Anna lives in Australia now but she has kindly taken time out from writing to answer some questions for us.
What are you working on at the moment?
I’m about halfway through the first book in a new series. It’s set in 1930 and is loosely linked to the Rivenshaw series, as both places are in the same imaginary Pennine Valley. It’s my first book set in the 1930s, so it’s been very interesting to research.
How do you know when a story becomes big enough for a novel?
I know before I start that I can turn a ‘what if’ situation into a novel. After 75 novels published, I’ve had a fair bit of practice. If I find I need more material in a story, I just add another sub-plot, or sometimes a sub-plot ‘happens’, seemingly of its own accord. (See answer to next question.) I guide a story by word length. If I’m writing a book contracted for 100,000 words, I know when to add a crisis, a new character, a final crisis, etc, and about how many plots and sub-plots will give an interesting and complex read.
Do you change the story as you go along or is it all strictly planned?
I couldn’t plan a story and stick to it to save my life. Before I started writing seriously, I did a university history unit covering the period I like to write in (1730-now) so I had the basics taught me by a very good lecturer. I research the details of the new plot’s background, work out a setup situation or use one that I’ve had on file for a while for writing ‘one day’ and then I write scenes that introduce me to the main characters. I rewrite the first two or three chapters several times until the characters have come to life, then I follow them through their story. They surprise me at times, which is good. Or they walk through my dreams and give me a movie show of what happens next, which is also good. Once the ‘dirty draft’ is finished ie the first complete story, I polish it as many times as necessary to get the best story I’m capable of. This used to be two or three times, but after 75 novels it’s mostly one major polish these days. I enjoy the polishing stage best of all.
You have written in a number of genres. Which do you find you are most comfortable in?
I’m comfortable in all of them or I’d not have written them. So far the list includes historical romance, historical fiction, modern family/relationships stories, romantic suspense and fantasy, short stories and poetry. I’ve won or been shortlisted for awards in historical fiction, historical romance and fantasy. One of my fantasy novels has had a film option taken out on it. But I stick to historical and modern stories at the moment, as they seem to please readers most and therefore sell better. I do, after all, need to make a living like anyone else, and I enjoy writing in any of these genres.
Your books are very popular here in Suffolk. Do you have a message for your readers in Suffolk Libraries?

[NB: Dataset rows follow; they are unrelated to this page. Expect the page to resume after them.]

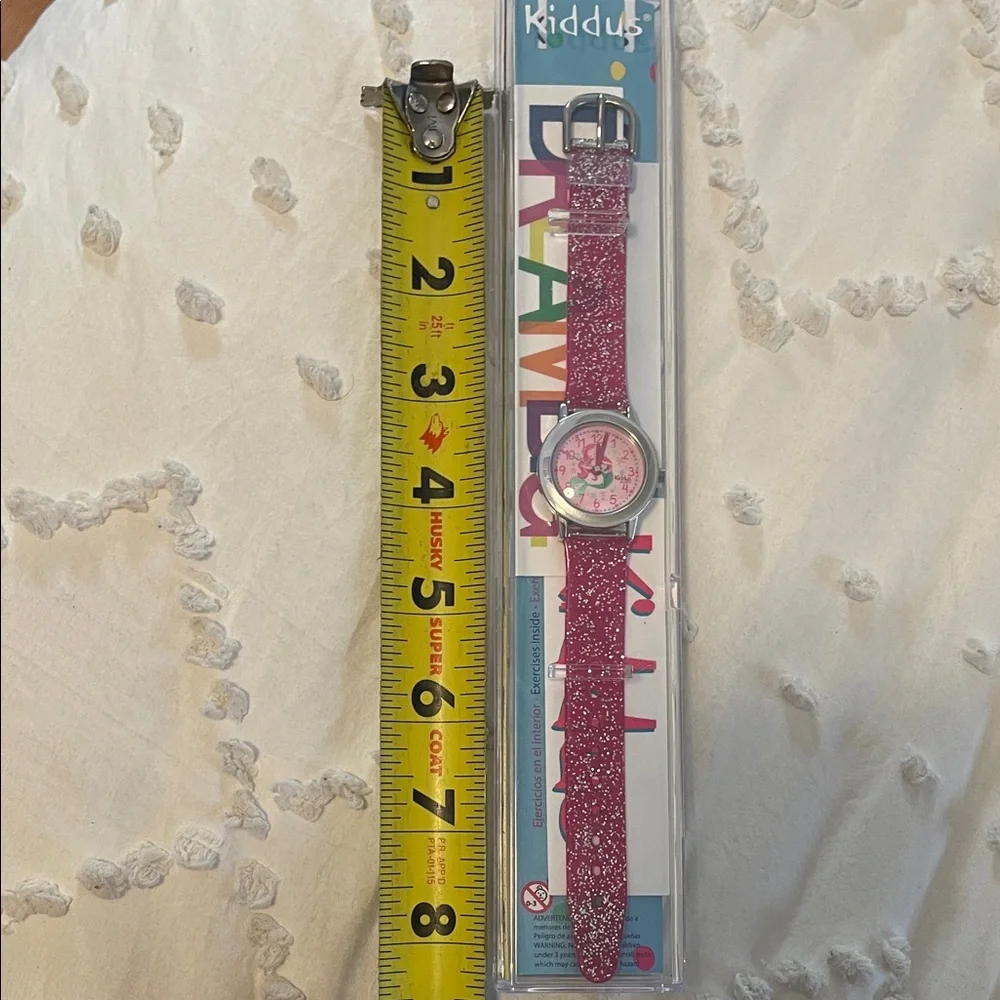Kiddus Mermaid Pink Glitter Strap Watch new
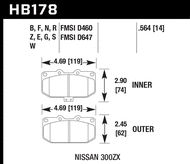 HB178B.564 brake pad shape diagram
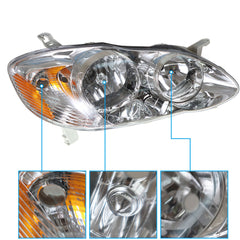 TOPPARTZ LH+RH Headlights Fit For 2003-2008 Toyota Corolla Halogen Chrome Lamps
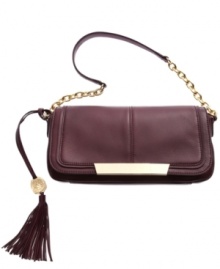 Add a little elegance to your everyday accessorizing with this posh purse from Vince Camuto. Luxe leather is outfitted with lady-like chain-link stations at the straps and shiny golden hardware that's at once eye-catching and understated. Inside offers plenty of room for essentials, like wallet, phone, keys and makeup. Add a little elegance to your everyday accessorizing with this posh purse from Vince Camuto. Luxe leather is outfitted with lady-like chain-link stations at the straps and shiny golden hardware that's at once eye-catching and understated. Inside offers plenty of room for essentials, like wallet, phone, keys and makeup.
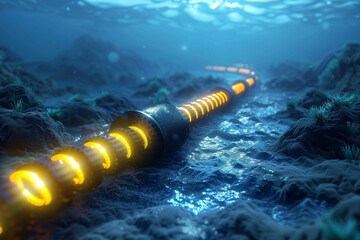 Hightech submarine fiberoptic cable for global underwater communication, data transmission - obrazy, fototapety, plakaty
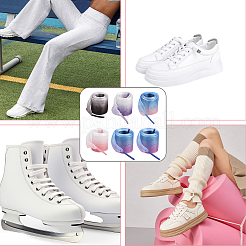 5 пара шнурков из органзы с градиентом 5 цветов&nbsp;AJEW-SP0003-10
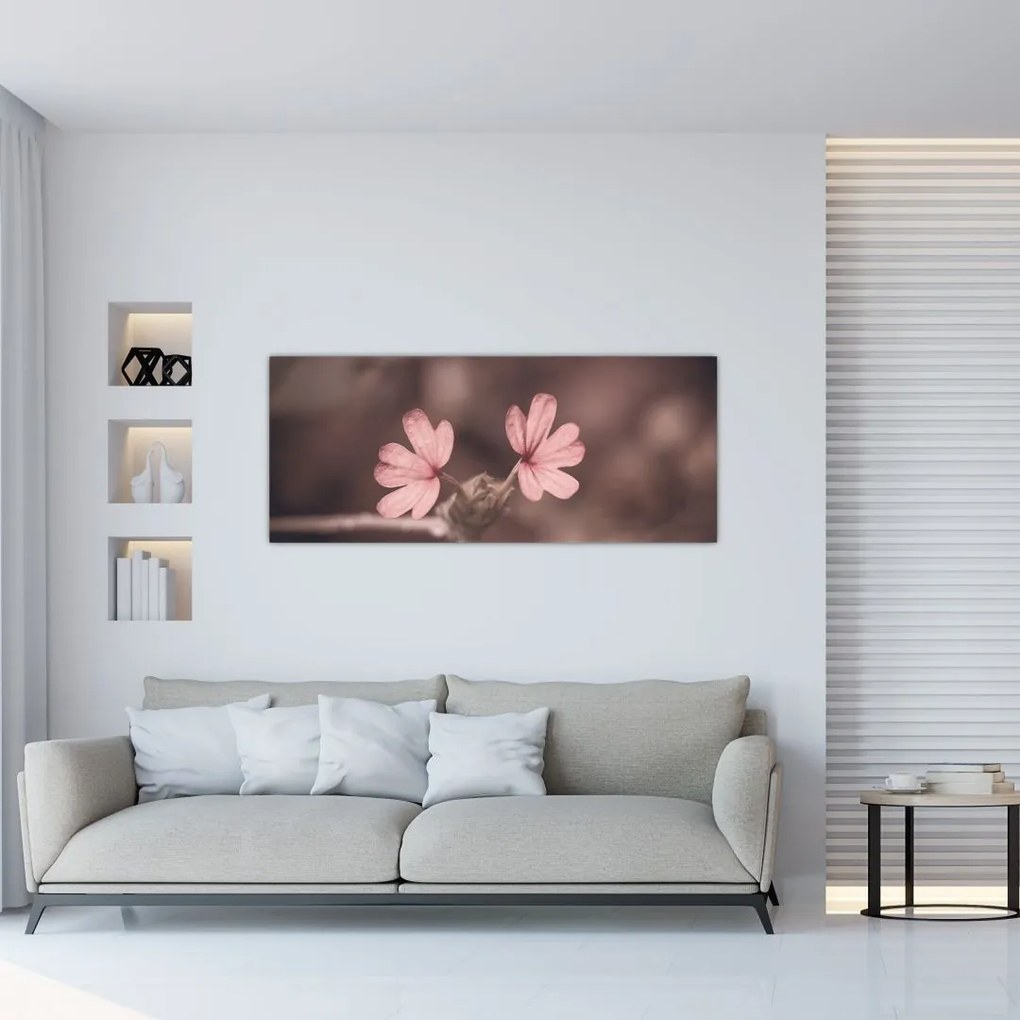 Tablou cu floare roz (120x50 cm)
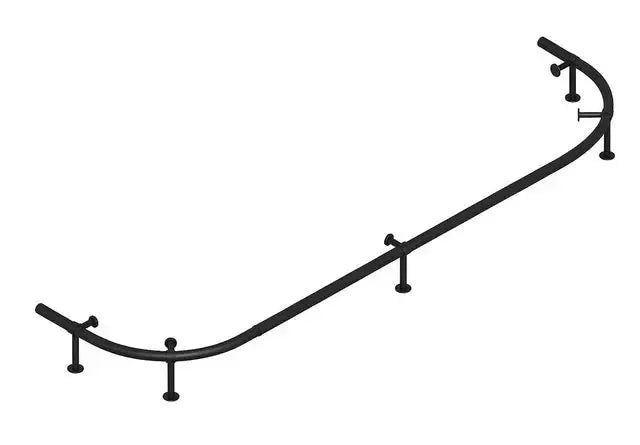 Matte black metal foot rail, curved for a 60" bar, with adjustable levelers.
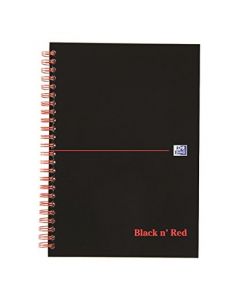 NOTEBOOK TWINWIRE BLACK N,RED A5 (Pack Size: 5)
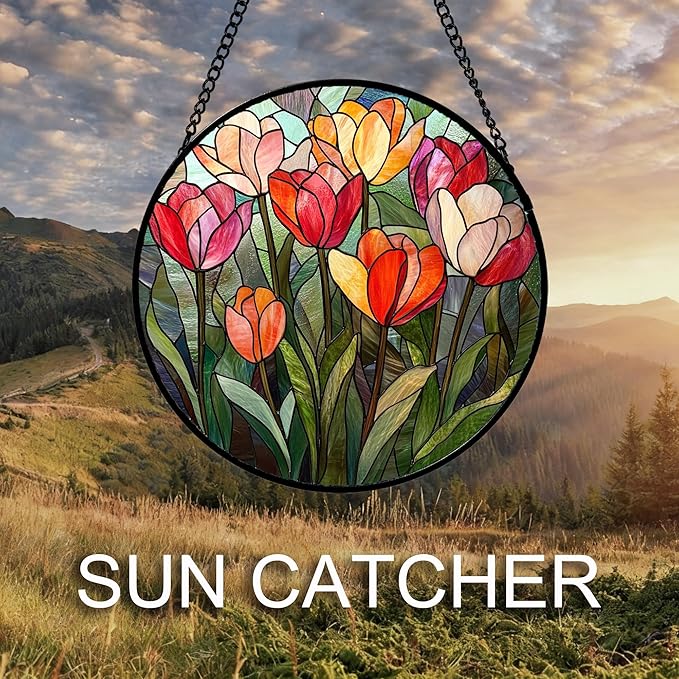 QZQCBLC Stained Glass Window Hanging Red and Pink Tulips 7.8" - Plant Suncatcher Door Garden Flower Sun Catcher Home Decor Birthday Christmas for Mom Woman Wife Friend Nana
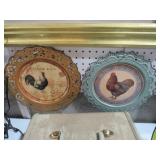 (2) METAL ROOSTER PLATES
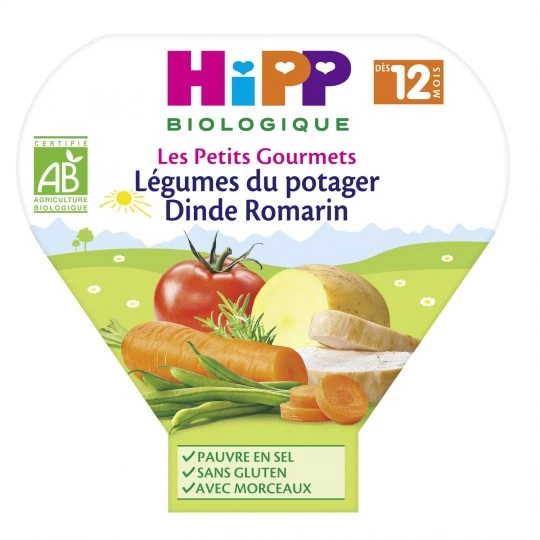 Món ăn rau củ gà tây hương thảo hữu cơ cho bé từ 12 tháng 230g - HIPP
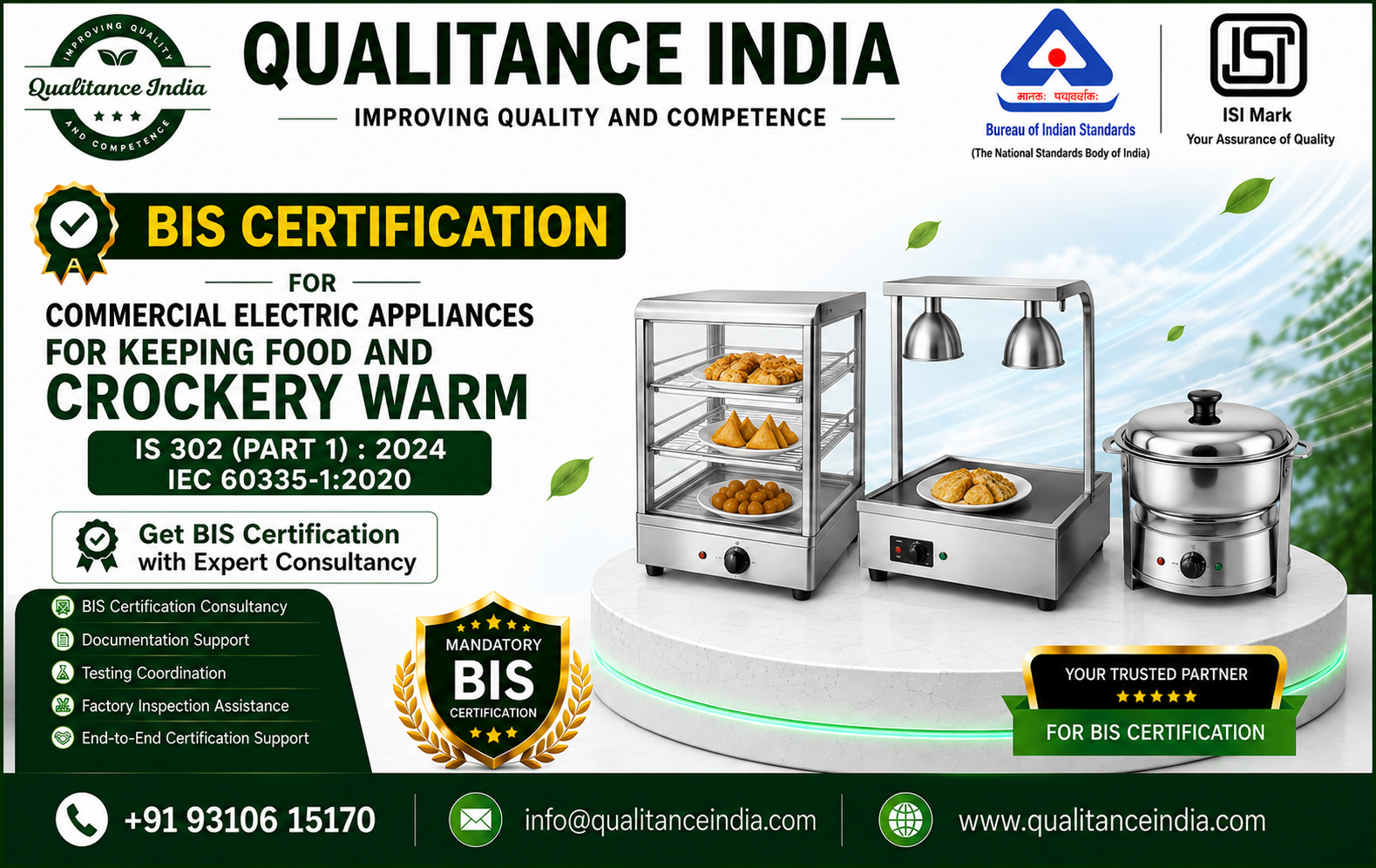 BIS Certification Consultancy for Commercial Electric Appliances for Keeping Food & Crockery Warm – IS 302 (Part 1):2024 | IEC 60335-1:2020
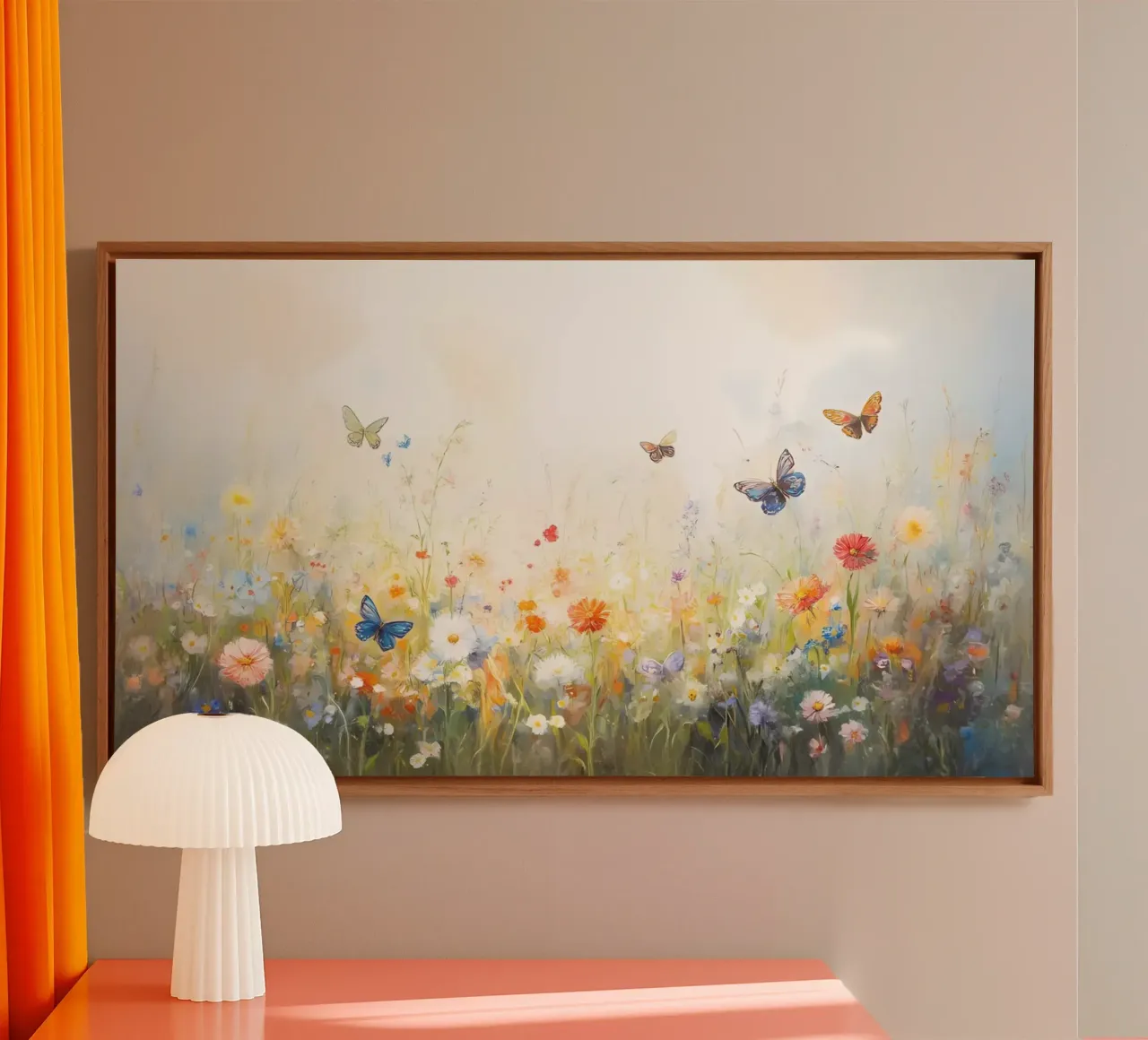 Etherische vlinderweide - Impressionistisch bloemenlandschap canvas met Baklijst van ClubArt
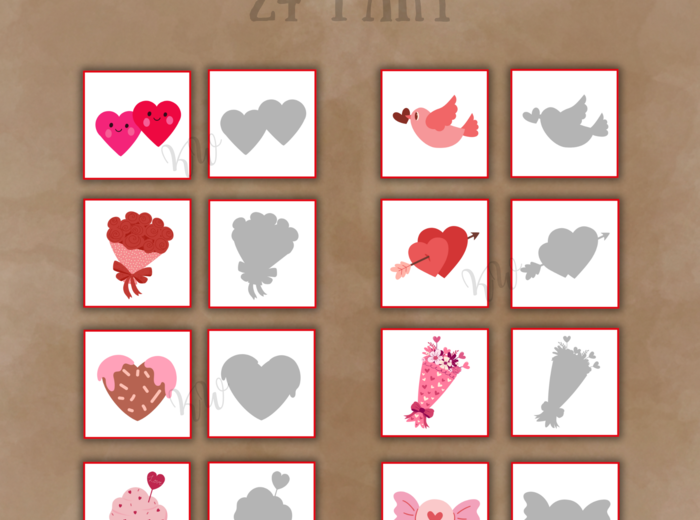 Walentynki - gotowy zestaw materiałów do druku (PDF)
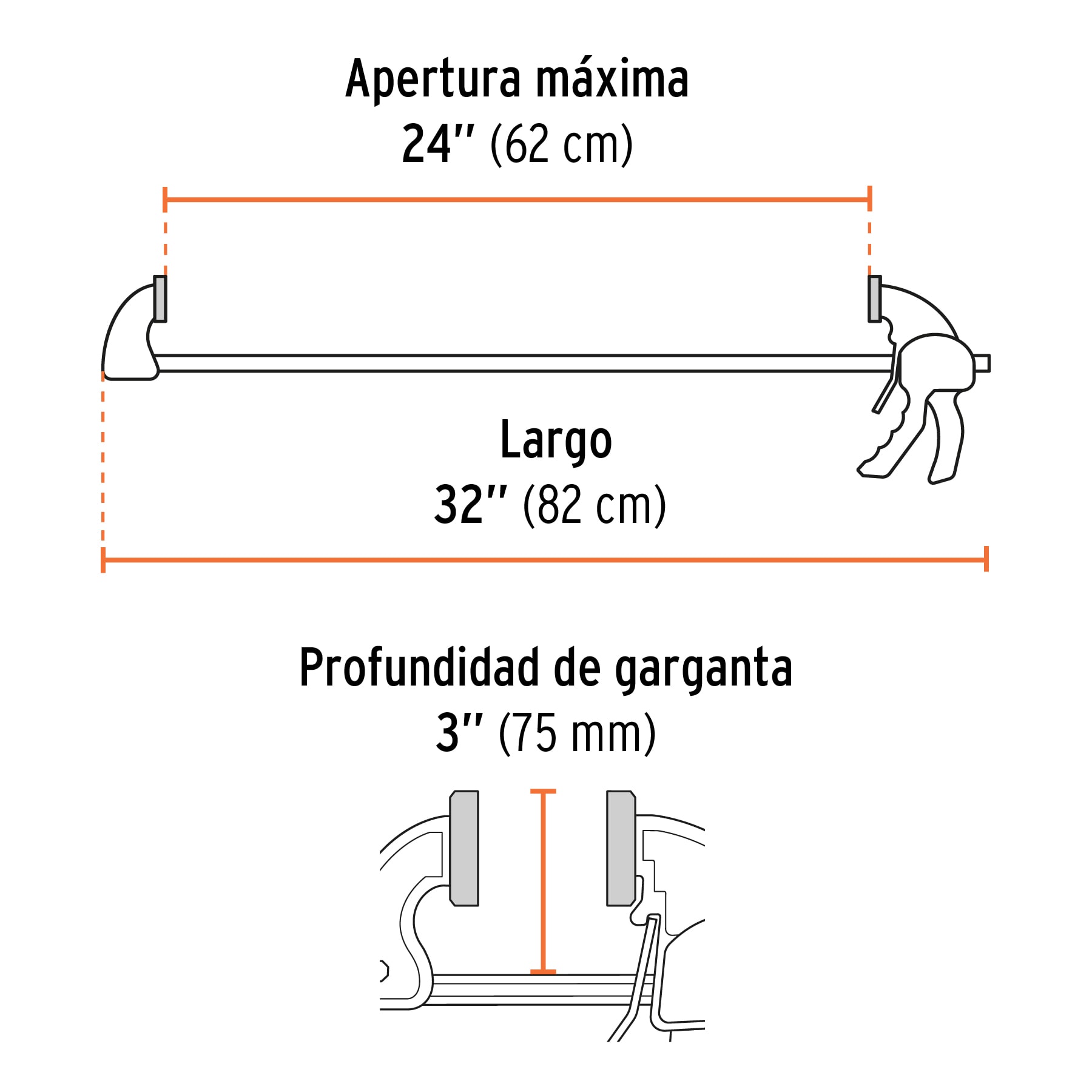 Prensa de ajuste rápido 24" uso rudo, cuerpo nylon, EXPERT TRUPER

Please tell your readers that I’m delighted they’re enjoying my stories. I love writing them. And perhaps they’d be interested in receiving my free monthly email newsletter. If so they can sign up on the introduction page of my website. They might enjoy exploring my website which holds a lot of information, with a ‘page’ for each book. I’m also on Facebook at Anna Jacobs Books and Anna Jacobs. I chat to readers there when I can. Happy reading to all your clients! I love reading myself and get through three novels by other authors every week.
Can you describe yourself in three words?
Addicted to stories.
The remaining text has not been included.